GovernmentOddities

South Australia reacts to 1850s mass exodus of its males to Victorian goldfields with escorts, assay and Bullion Act

South Australia reacts to 1850s mass exodus of its males to Victorian goldfields with escorts, assay and Bullion Act
South Australian police commissioner Alexander Tolmer headed the escort bringing back gold worth millions of pounds from Victoria goldfields in 1852-54. At left: An ingot made from the golf brought back to the assay office set up at the government teasury buildings on the corner of King William and Flinders streets, Adelaide city.

South Australia responded with novel solutions to the financial crisis created by the mass exodus by 1852 of more than a third of the colony’s male population to the Victorian goldfields. The gold seekers took with them most of the ready cash and caused a run on the South Australian banks for coin. 

In a rescue operation, the South Australian government introduced the Bullion Act in 1852, that effectively transferred gold into legal tender. 

After George Tinline, temporary manager of the South Australian Banking Company, lobbied the government successfully to place its money at the Adelaide banks, the Legislative Council passed the Bullion Act. This enabled uncoined gold to be assayed and minted. This gold would come from the South Australian diggers in Victoria.

A fixed price of £3/11/- an ounce was authorised by the government to be offered for all uncoined gold brought back to South Australia

An assay office was opened in Adelaide city to receive the successful South Australian prospectors’ gold and to melt and purify the parcel of each depositor into a separate ingot stamped only with its weight. The banks issued special certificates for ingots to be used as legal tender for the 12 months of the Act.

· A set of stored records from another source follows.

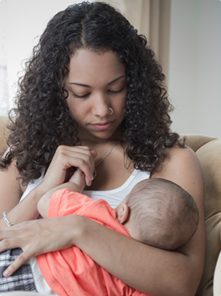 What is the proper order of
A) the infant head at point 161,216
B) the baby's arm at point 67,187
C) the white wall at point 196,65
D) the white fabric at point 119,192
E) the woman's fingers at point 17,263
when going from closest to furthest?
the woman's fingers at point 17,263
the infant head at point 161,216
the baby's arm at point 67,187
the white fabric at point 119,192
the white wall at point 196,65

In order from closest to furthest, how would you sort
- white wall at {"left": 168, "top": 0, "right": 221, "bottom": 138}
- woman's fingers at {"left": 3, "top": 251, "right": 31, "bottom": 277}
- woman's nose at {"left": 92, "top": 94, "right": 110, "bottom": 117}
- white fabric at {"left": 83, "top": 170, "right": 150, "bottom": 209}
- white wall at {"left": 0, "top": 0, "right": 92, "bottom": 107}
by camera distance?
woman's fingers at {"left": 3, "top": 251, "right": 31, "bottom": 277}
woman's nose at {"left": 92, "top": 94, "right": 110, "bottom": 117}
white fabric at {"left": 83, "top": 170, "right": 150, "bottom": 209}
white wall at {"left": 0, "top": 0, "right": 92, "bottom": 107}
white wall at {"left": 168, "top": 0, "right": 221, "bottom": 138}

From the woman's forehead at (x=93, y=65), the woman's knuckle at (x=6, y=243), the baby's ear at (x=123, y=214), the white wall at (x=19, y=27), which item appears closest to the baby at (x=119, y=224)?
the baby's ear at (x=123, y=214)

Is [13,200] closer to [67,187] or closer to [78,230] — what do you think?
[67,187]

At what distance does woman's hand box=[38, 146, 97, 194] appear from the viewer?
128 centimetres

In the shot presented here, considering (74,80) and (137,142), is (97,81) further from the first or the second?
(137,142)

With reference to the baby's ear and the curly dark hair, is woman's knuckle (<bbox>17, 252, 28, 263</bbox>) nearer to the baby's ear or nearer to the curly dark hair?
the baby's ear

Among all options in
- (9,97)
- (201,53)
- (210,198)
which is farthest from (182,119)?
(210,198)

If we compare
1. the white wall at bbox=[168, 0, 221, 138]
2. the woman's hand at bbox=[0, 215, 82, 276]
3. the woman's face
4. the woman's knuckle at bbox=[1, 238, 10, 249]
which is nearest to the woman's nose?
the woman's face

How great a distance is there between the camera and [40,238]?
96 centimetres

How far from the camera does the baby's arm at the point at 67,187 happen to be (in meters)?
1.14

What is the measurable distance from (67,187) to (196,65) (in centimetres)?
283

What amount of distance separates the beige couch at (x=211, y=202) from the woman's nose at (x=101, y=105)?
2.07 ft

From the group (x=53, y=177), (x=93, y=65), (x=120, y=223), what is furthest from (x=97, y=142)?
(x=120, y=223)

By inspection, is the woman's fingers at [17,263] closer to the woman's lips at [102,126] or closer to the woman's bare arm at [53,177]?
the woman's bare arm at [53,177] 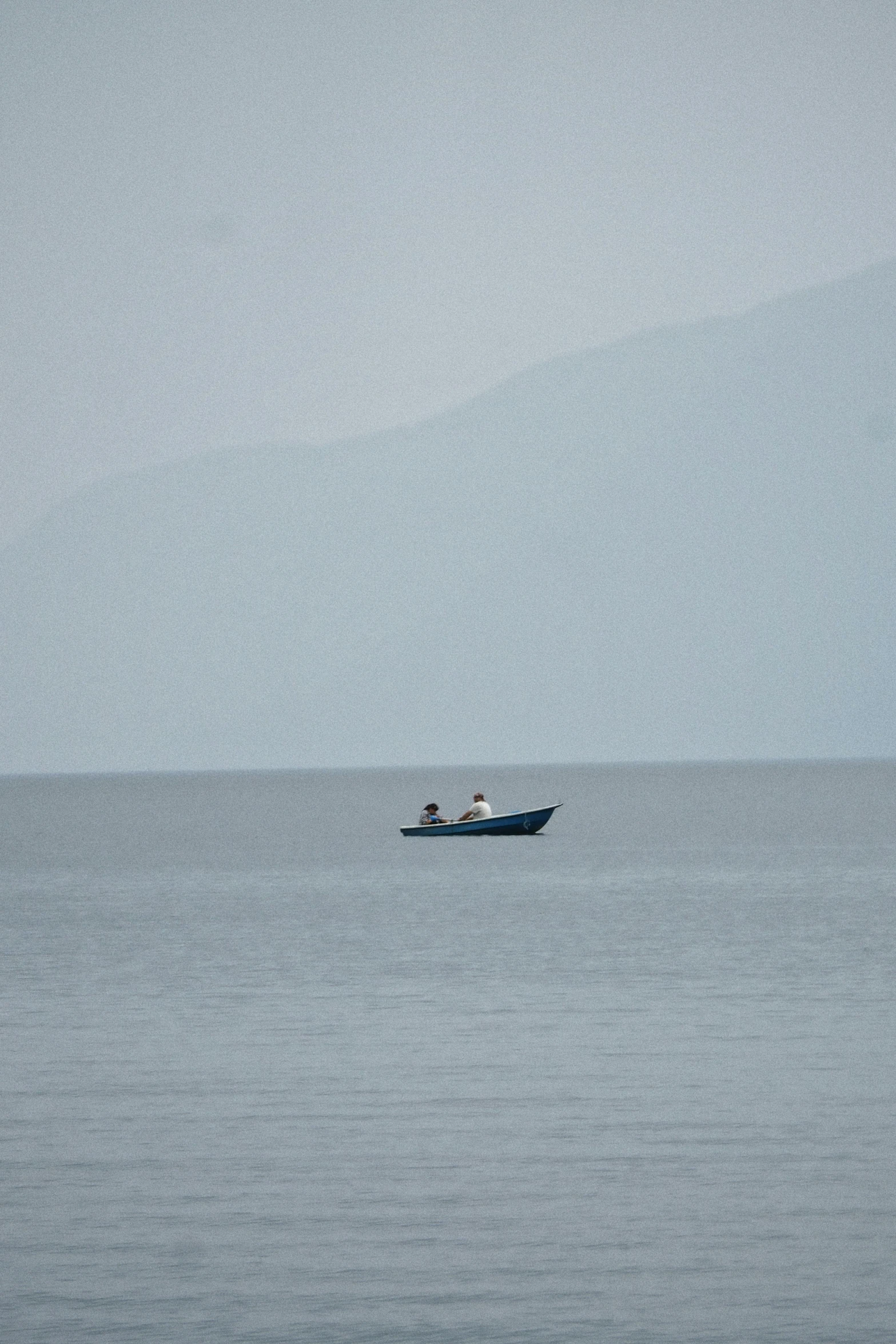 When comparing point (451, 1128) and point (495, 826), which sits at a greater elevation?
point (495, 826)

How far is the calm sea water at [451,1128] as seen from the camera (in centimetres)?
1381

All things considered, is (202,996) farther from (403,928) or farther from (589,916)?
(589,916)

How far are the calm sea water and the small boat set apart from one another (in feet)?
89.1

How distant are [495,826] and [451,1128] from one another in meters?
57.0

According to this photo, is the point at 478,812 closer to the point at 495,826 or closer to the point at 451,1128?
the point at 495,826

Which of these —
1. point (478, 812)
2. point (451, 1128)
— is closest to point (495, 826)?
point (478, 812)

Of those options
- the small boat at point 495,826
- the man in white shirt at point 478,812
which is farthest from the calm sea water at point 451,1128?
the man in white shirt at point 478,812

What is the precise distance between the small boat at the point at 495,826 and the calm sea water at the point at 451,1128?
27167mm

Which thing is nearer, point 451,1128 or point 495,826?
point 451,1128

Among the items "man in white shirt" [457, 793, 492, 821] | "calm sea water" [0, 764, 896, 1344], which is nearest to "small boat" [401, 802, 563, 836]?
"man in white shirt" [457, 793, 492, 821]

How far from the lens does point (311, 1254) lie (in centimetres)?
1495

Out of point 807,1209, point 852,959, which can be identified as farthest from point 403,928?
point 807,1209

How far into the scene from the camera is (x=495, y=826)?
250 ft

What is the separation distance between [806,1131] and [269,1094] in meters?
5.71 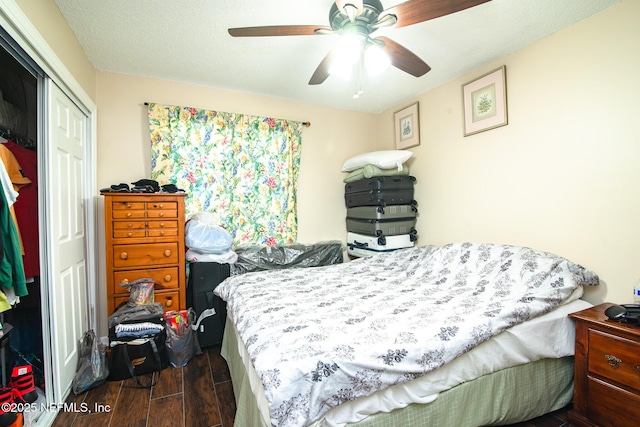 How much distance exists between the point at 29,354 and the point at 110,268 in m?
0.75

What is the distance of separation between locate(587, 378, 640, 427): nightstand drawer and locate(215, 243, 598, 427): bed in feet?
0.52

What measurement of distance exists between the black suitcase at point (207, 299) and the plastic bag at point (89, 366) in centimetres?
65

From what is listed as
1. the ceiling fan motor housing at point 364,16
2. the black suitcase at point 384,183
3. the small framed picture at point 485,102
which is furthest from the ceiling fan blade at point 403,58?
the black suitcase at point 384,183

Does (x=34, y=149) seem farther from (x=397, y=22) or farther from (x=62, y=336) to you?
(x=397, y=22)

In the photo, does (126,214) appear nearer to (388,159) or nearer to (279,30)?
(279,30)

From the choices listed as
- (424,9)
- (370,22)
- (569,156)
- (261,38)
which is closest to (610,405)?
(569,156)

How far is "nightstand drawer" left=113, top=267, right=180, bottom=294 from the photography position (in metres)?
2.21

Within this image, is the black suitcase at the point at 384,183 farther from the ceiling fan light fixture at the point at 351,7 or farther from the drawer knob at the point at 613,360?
the drawer knob at the point at 613,360

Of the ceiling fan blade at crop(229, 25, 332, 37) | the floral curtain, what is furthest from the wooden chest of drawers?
the ceiling fan blade at crop(229, 25, 332, 37)

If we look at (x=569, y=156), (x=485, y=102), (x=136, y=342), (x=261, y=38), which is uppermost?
(x=261, y=38)

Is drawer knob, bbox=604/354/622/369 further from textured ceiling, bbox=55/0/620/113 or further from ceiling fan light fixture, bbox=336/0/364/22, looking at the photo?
ceiling fan light fixture, bbox=336/0/364/22

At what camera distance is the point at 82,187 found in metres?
2.20

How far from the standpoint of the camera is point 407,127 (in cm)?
323

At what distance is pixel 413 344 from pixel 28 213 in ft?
7.67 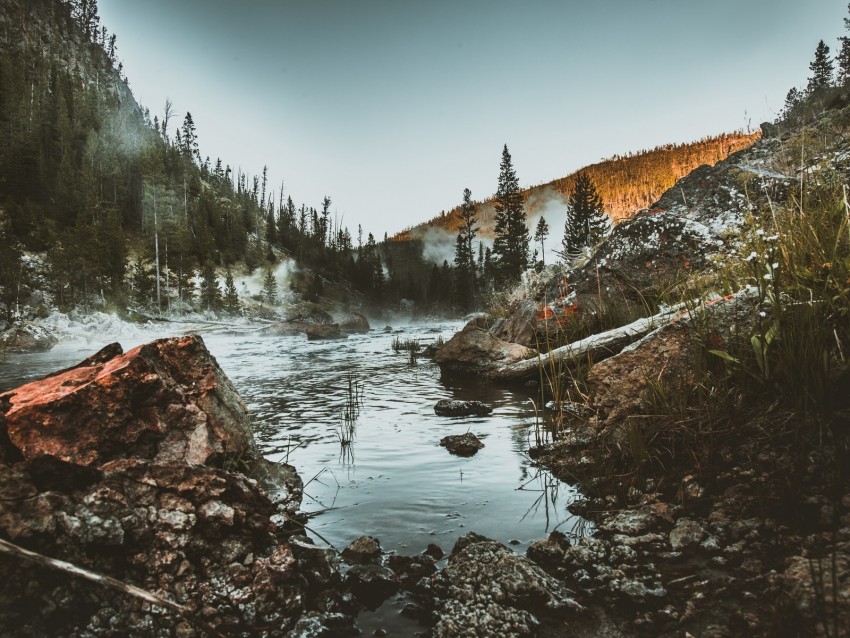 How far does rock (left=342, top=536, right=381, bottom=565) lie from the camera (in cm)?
247

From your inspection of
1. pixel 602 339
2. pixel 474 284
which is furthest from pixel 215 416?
pixel 474 284

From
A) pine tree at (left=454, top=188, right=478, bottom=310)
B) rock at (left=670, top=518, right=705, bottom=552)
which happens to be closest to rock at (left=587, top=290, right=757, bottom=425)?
rock at (left=670, top=518, right=705, bottom=552)

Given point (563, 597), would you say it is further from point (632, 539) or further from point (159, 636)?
point (159, 636)

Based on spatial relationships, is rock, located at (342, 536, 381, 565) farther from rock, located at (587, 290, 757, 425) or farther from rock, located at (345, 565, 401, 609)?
rock, located at (587, 290, 757, 425)

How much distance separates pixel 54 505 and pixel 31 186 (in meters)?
55.7

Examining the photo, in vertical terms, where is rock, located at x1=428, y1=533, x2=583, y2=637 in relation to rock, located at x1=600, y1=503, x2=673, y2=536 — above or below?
below

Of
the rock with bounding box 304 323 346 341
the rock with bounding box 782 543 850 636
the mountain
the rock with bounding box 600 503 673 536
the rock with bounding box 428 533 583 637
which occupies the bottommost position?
the rock with bounding box 428 533 583 637

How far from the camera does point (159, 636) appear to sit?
1713 mm

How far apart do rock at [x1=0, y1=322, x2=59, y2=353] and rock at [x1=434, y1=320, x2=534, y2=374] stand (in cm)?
1881

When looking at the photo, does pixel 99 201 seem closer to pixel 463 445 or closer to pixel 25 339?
pixel 25 339

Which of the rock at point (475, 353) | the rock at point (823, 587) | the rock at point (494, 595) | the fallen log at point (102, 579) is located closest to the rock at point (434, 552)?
the rock at point (494, 595)

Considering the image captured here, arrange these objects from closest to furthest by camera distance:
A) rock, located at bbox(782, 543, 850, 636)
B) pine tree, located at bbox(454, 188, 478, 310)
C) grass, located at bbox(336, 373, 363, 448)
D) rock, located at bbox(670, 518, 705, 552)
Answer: rock, located at bbox(782, 543, 850, 636) < rock, located at bbox(670, 518, 705, 552) < grass, located at bbox(336, 373, 363, 448) < pine tree, located at bbox(454, 188, 478, 310)

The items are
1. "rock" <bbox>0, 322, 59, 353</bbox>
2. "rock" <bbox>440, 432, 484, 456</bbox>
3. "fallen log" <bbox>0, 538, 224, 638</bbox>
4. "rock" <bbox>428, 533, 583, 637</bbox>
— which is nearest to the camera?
"fallen log" <bbox>0, 538, 224, 638</bbox>

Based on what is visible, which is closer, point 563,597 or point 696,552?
point 563,597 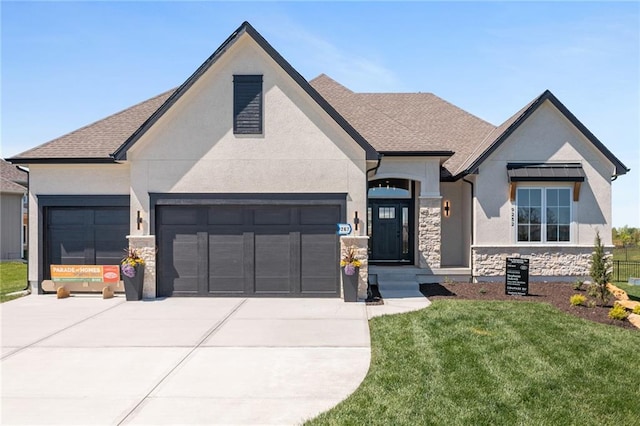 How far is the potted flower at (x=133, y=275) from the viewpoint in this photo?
39.4 ft

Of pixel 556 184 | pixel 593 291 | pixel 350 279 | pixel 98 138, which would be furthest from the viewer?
pixel 556 184

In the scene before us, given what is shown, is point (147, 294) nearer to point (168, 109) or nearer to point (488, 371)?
point (168, 109)

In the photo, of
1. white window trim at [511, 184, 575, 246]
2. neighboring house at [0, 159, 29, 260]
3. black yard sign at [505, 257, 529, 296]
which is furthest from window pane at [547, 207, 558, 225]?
neighboring house at [0, 159, 29, 260]

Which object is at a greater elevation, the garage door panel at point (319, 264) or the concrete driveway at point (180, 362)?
the garage door panel at point (319, 264)

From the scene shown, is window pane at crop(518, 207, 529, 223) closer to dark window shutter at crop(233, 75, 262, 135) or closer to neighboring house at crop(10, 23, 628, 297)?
neighboring house at crop(10, 23, 628, 297)

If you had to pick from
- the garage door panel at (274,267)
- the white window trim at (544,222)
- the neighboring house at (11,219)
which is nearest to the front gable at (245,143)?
the garage door panel at (274,267)

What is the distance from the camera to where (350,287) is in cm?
1176

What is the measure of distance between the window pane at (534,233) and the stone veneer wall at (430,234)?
3.16 meters

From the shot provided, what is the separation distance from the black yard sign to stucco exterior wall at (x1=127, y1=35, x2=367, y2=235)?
4840 mm

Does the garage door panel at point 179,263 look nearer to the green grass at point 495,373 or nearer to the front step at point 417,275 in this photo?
the front step at point 417,275

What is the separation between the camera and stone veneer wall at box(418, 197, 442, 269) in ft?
46.8

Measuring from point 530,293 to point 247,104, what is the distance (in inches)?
404

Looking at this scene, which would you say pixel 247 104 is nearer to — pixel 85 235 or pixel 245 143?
pixel 245 143

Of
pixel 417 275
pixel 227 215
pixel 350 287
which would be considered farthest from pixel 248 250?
pixel 417 275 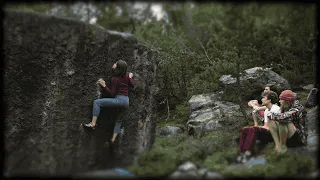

Within the first two weeks, deposits at the assay office were valued at £24,000. Small buildings were hurriedly put up for the gold melting and bullion making operations on the northern side of the courtyard of the former treasury buildings (later Adina Hotel) in Flinders Street, Adelaide city. (The layout could be seen on the 1881 Smith Survey but the buildings were replaced in 1907 by the three-storey building on the northern side of the courtyard.)

To further attract safe and guaranteed deliveries of gold to Adelaide, a monthly armed escort under the control of police inspector Alexander Tolmer was set up to bring the gold back from Victoria. The first escort arrived at the  government treasury building in Flinders Street in March, 1852, and offloaded 5,000 ounces.

The total gold assayed in 1852 was worth £1,449,873. In 1852-54, gold brought into South Australia was valued at £1,820,369. Twenty-two and a half ounces of gold could buy an 80 acre section of land in the country and diggers were keen to embrace this.

Sale of rural crown land reached £400,000 in 1854, with diggers returning from Victorian gold rush using their ingots. This fuelled a rural boom, with a flurry of railways built.

South Australian wheat farmers had already done well out of the ready market on the Victorian gold fields. South Australian had become the agricultural bread basket for the other Australian colonies.